Bapu, who has four days to respond to the summons, denied the charges and called them the result of a “conspiracy” against him. “Baseless allegations are leveled against me because I preach Indian culture during my discourses,” he said, according to Press Trust of India. “In the last four-and-a-half years, I was accused of practicing black magic and tantric practices but none of them stood the [test of] legal scrutiny.” He also told a Gujarati TV channel: "I am innocent. The girl has been misguided by someone. It is a conspiracy. I know who [is] behind this, but I don't want to name them.”

Bapu even compared himself to a very famous and influential holy man from centuries ago. “Lord Buddha, too, had faced such kind of allegations and I am also facing the same,” he declared. “But the truth will come out. I am appealing [to] my followers to keep calm, have patience and to ensure no harm is done to the family of this girl.”

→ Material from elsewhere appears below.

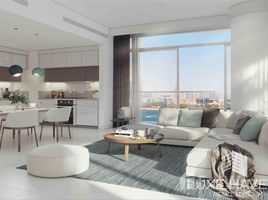 1 Schlafzimmer Wohnung zu verkaufen im Marina Vista, EMAAR Beachfront, Dubai Harbour, Dubai, Vereinigte Arabische Emirate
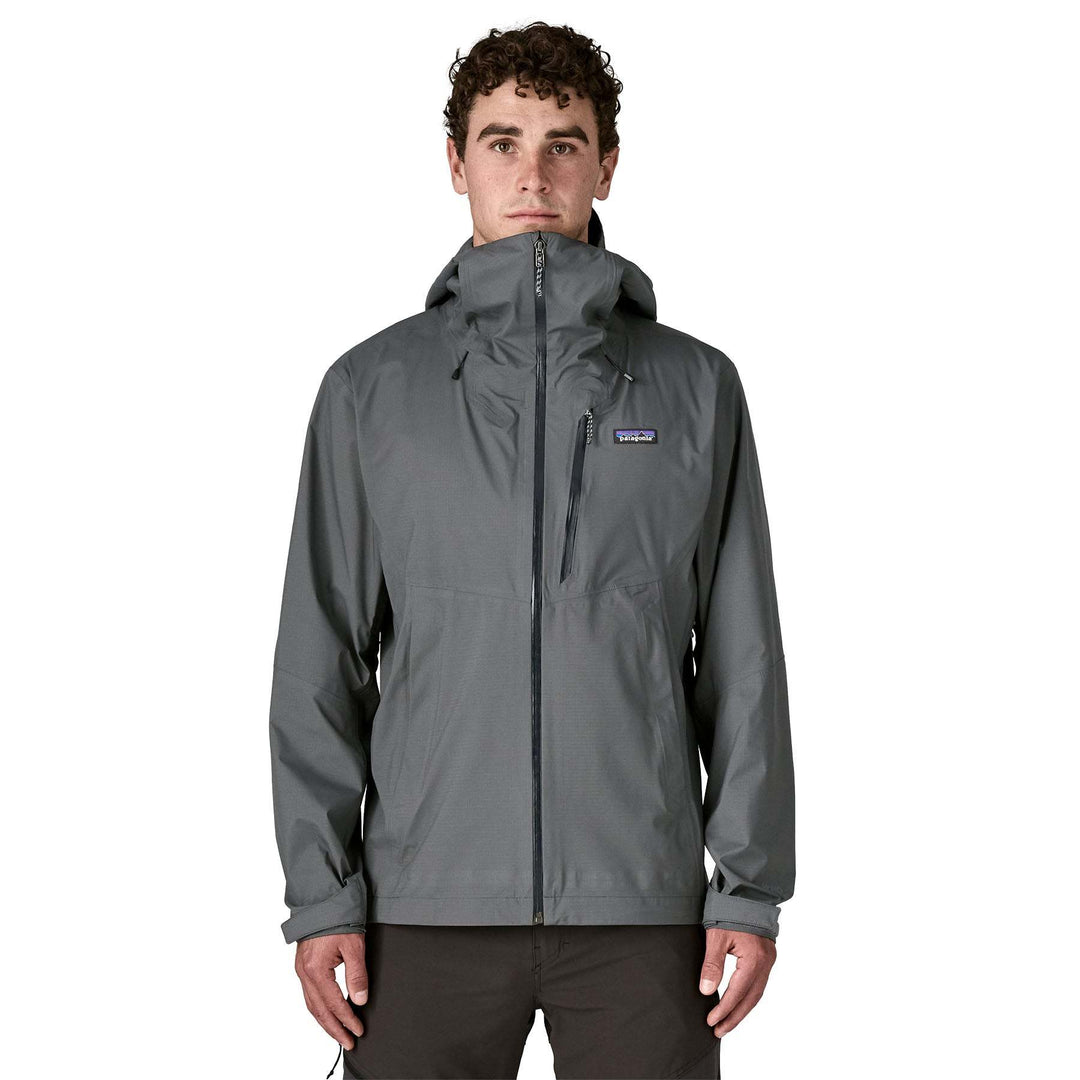 M's Granite Crest Rain Jkt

Asaram even bizarrely stated that "even if they put me behind… bars, I am willing to go to jail with a smiling face… I consider jail as my Vaikunth [heaven]." The girl in question and her family have been his followers for the past twelve years. Bapu described the alleged victim as a like a “grand-daughter” to him and that her parents are some of his most devout disciples.

Based in a central ashram in Ahmedabad in Gujarat, the 72-year-old guru caused great offense earlier this year when he suggested that the Delhi gang-rape victim (who subsequently died from her injuries) might have been spared if she had pleaded for mercy from her attackers. Bapu, who operates more than 350 ashrams across India, has courted controversy before and faced serious trouble before the law himself. Bapu was also suspected of involvement in the mysterious drowning deaths of two boys studying at one of his ashrams in the city of Ahmedabad in July 2008. However, police investigators absolved him of any responsibility after their probe concluded in April 2010.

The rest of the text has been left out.